• Information shown:
▼

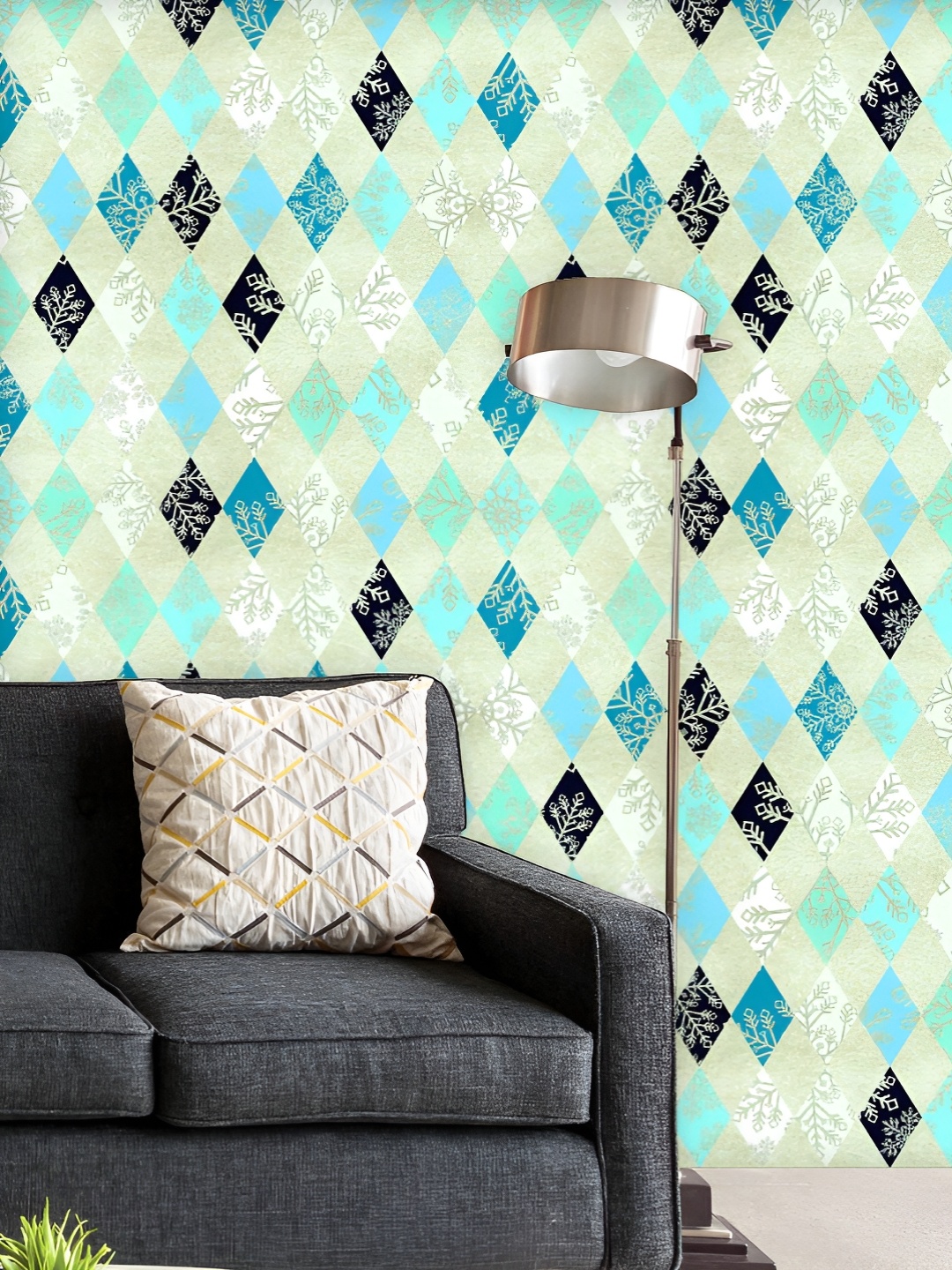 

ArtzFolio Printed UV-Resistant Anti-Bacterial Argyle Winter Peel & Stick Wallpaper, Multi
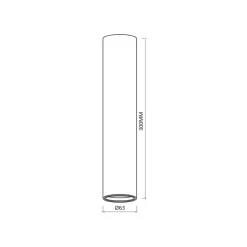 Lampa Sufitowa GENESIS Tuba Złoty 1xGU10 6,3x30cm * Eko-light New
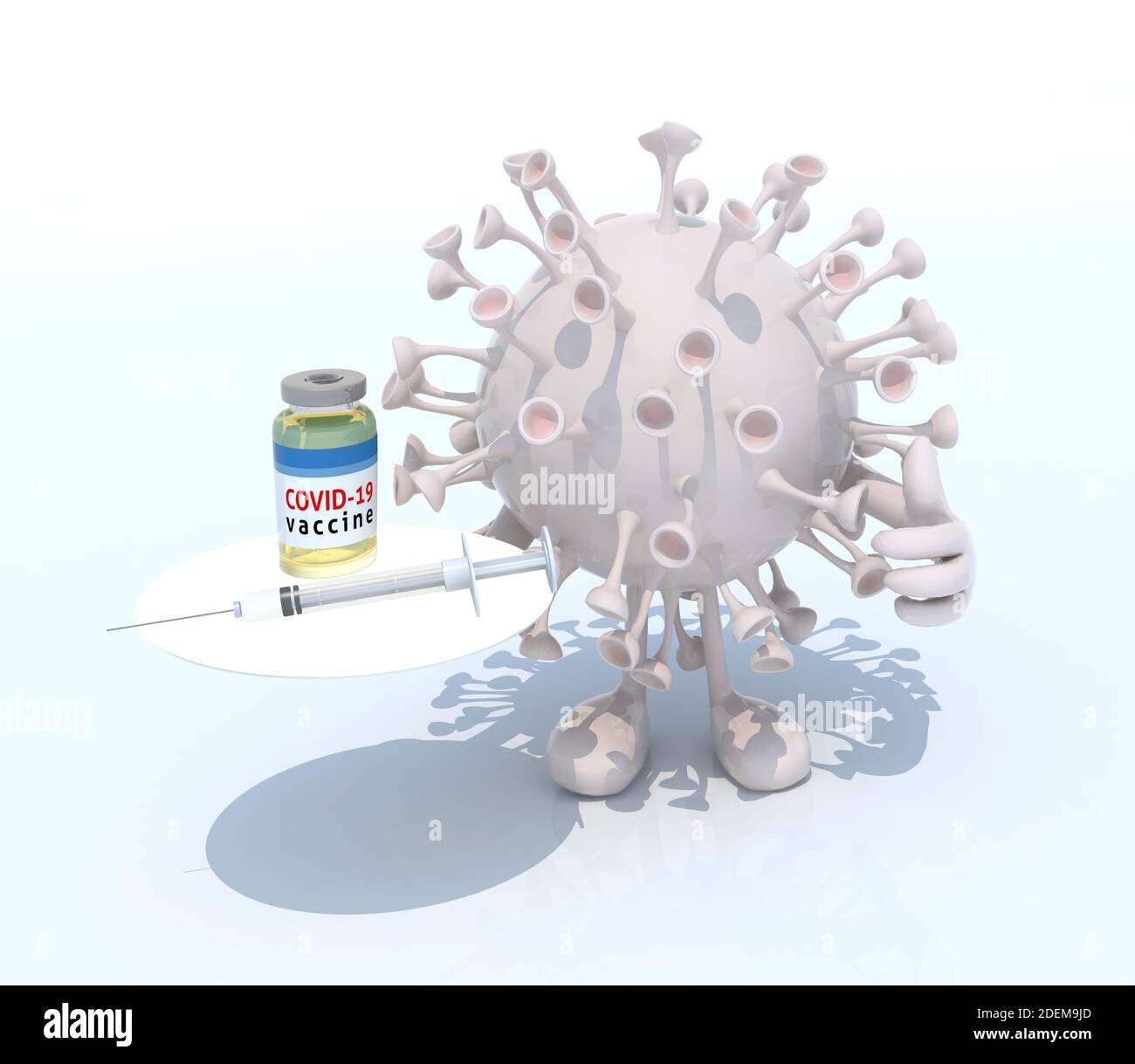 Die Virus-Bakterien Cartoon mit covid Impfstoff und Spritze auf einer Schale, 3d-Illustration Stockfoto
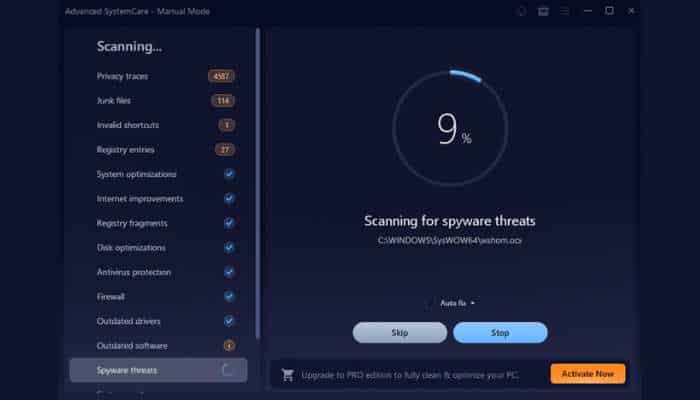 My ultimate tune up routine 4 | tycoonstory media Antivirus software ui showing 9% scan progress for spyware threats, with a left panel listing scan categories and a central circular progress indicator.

▲

• Work to be completed: What the answer needs is every line from the one with "Die Virus-Bakterien Cartoon" through the last line of the data, reproduced word for word and with pictures omitted.

• Solution:
 Die Virus-Bakterien Cartoon mit covid Impfstoff und Spritze auf einer Schale, 3d-Illustration Stockfoto
 My ultimate tune up routine 4 | tycoonstory media Antivirus software ui showing 9% scan progress for spyware threats, with a left panel listing scan categories and a central circular progress indicator.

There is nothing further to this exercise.